- _EXTRACTED DATA_:
○ ○ ○

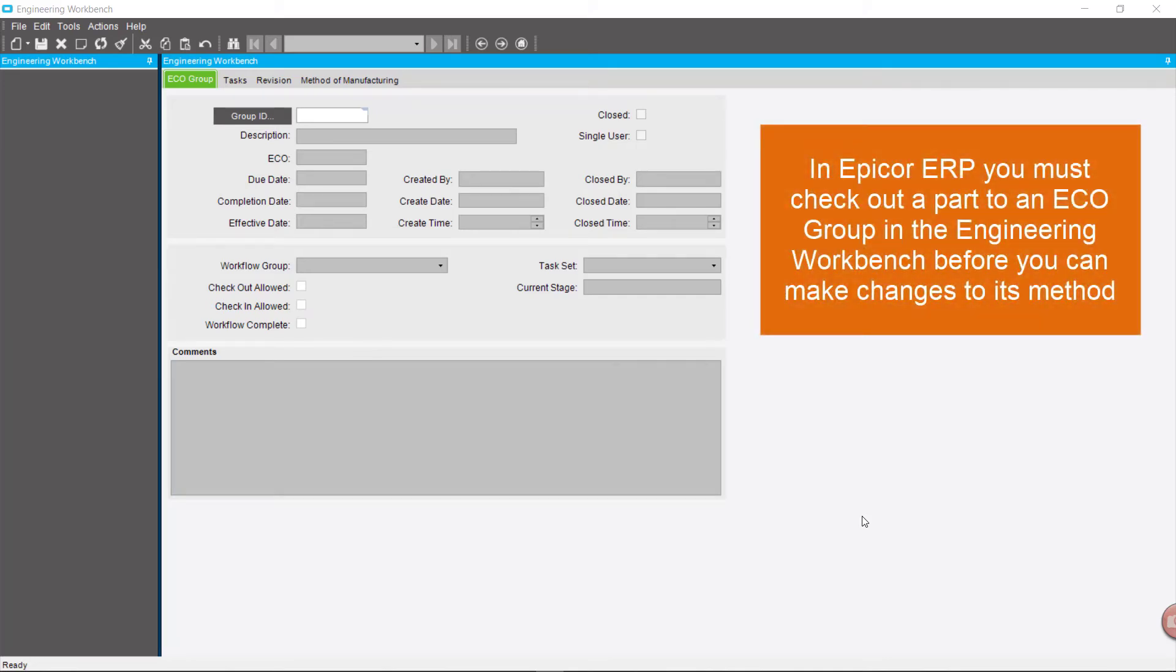In Epicor ERP, you must check out a part to an ECO group in the Engineering Workbench before you can make changes to its method.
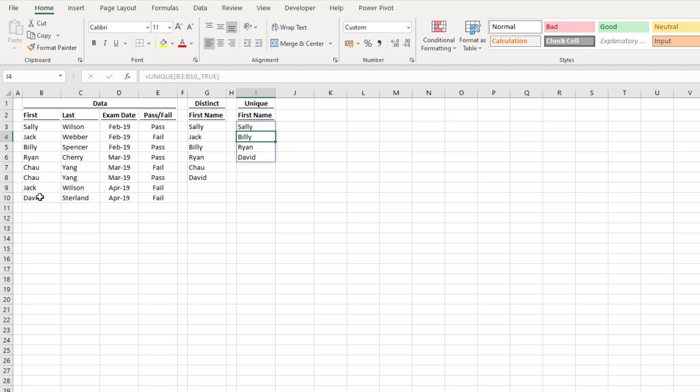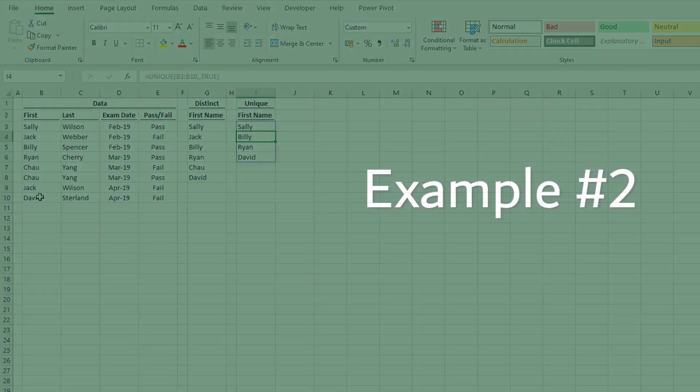To summarise example one: it's important to understand the difference between a distinct and a unique list. If exactly_once is false or omitted, UNIQUE returns a distinct list — one instance of each item. If exactly_once is true, it returns only items that appear exactly once. In most situations, we're looking for a distinct list, so the default options are perfectly fine.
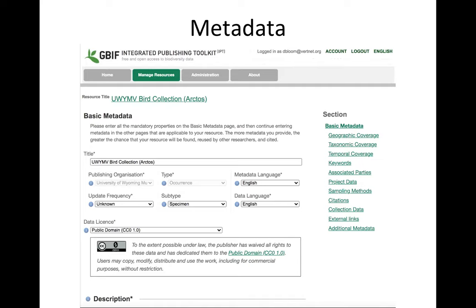I want to look more closely at a couple of those pieces to give you an idea of how your data looks and how it's transformed within the IPT as it heads into a Darwin Core Archive. But before I do that, let me pause and see if there are any questions up to this point — thoughts or wonderments.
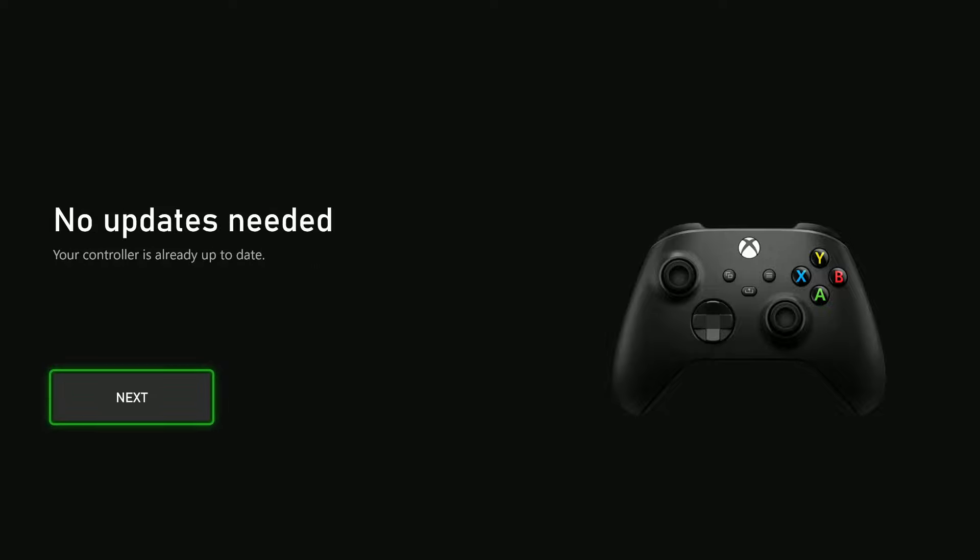Once done, you'll see No Updates Needed and your controller is already up to date.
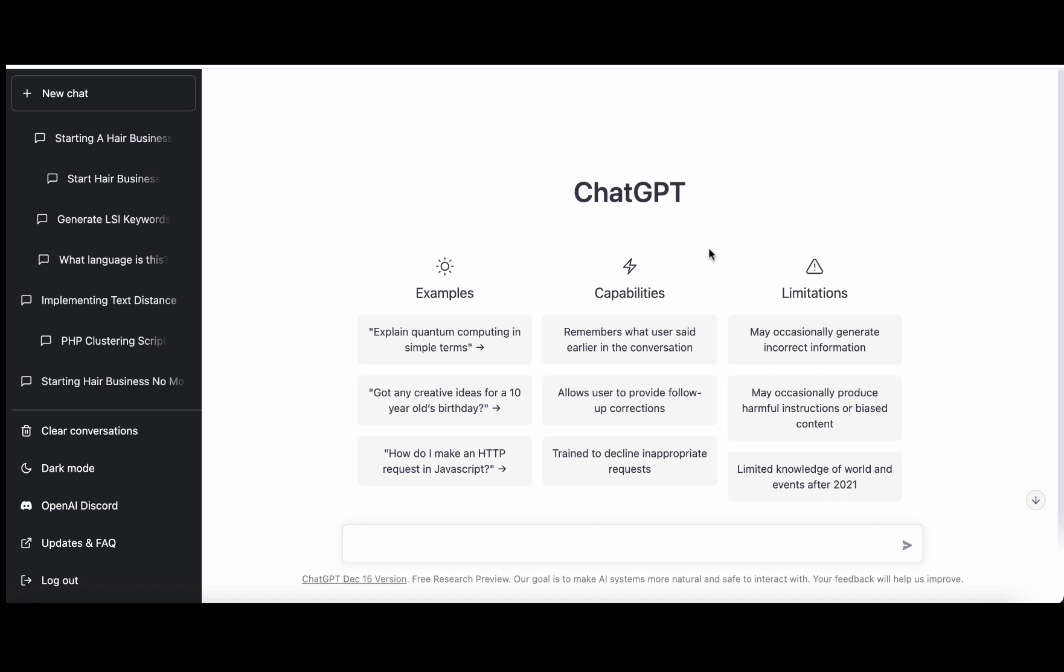So the first mistake YouTubers and beginner copywriters that use ChatGPT make is that they rely on the default ChatGPT outline and it is a coin toss, a hit or miss. ChatGPT may produce a perfect outline which is going to score highly and rank well and it may produce a shitty outline. We have to be very deliberate when it comes to our outlines.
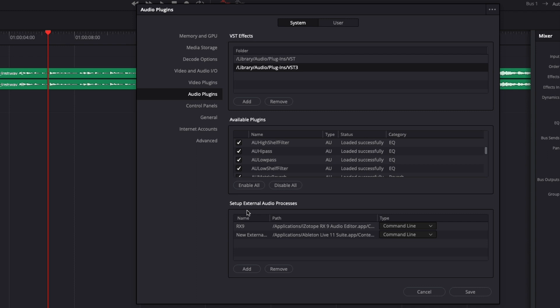You can also set up some external audio processors which is something quite similar to Dynamic Link for Adobe. It works only with some specific software, for example here I have it for the Isotope RX9, which is a plugin that helps remove noise for example in voiceover. If you know you have a software that can be added this way,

○ ○ ○

- _ABOUT THIS TASK_: Line by line and exactly, reproduce the span from the line with "To summarise example" through the end of the data above, both ends included, with pictures left out.

- _THE ANSWER_:
To summarise example one: it's important to understand the difference between a distinct and a unique list. If exactly_once is false or omitted, UNIQUE returns a distinct list — one instance of each item. If exactly_once is true, it returns only items that appear exactly once. In most situations, we're looking for a distinct list, so the default options are perfectly fine.
I want to look more closely at a couple of those pieces to give you an idea of how your data looks and how it's transformed within the IPT as it heads into a Darwin Core Archive. But before I do that, let me pause and see if there are any questions up to this point — thoughts or wonderments.
Once done, you'll see No Updates Needed and your controller is already up to date.
So the first mistake YouTubers and beginner copywriters that use ChatGPT make is that they rely on the default ChatGPT outline and it is a coin toss, a hit or miss. ChatGPT may produce a perfect outline which is going to score highly and rank well and it may produce a shitty outline. We have to be very deliberate when it comes to our outlines.
You can also set up some external audio processors which is something quite similar to Dynamic Link for Adobe. It works only with some specific software, for example here I have it for the Isotope RX9, which is a plugin that helps remove noise for example in voiceover. If you know you have a software that can be added this way,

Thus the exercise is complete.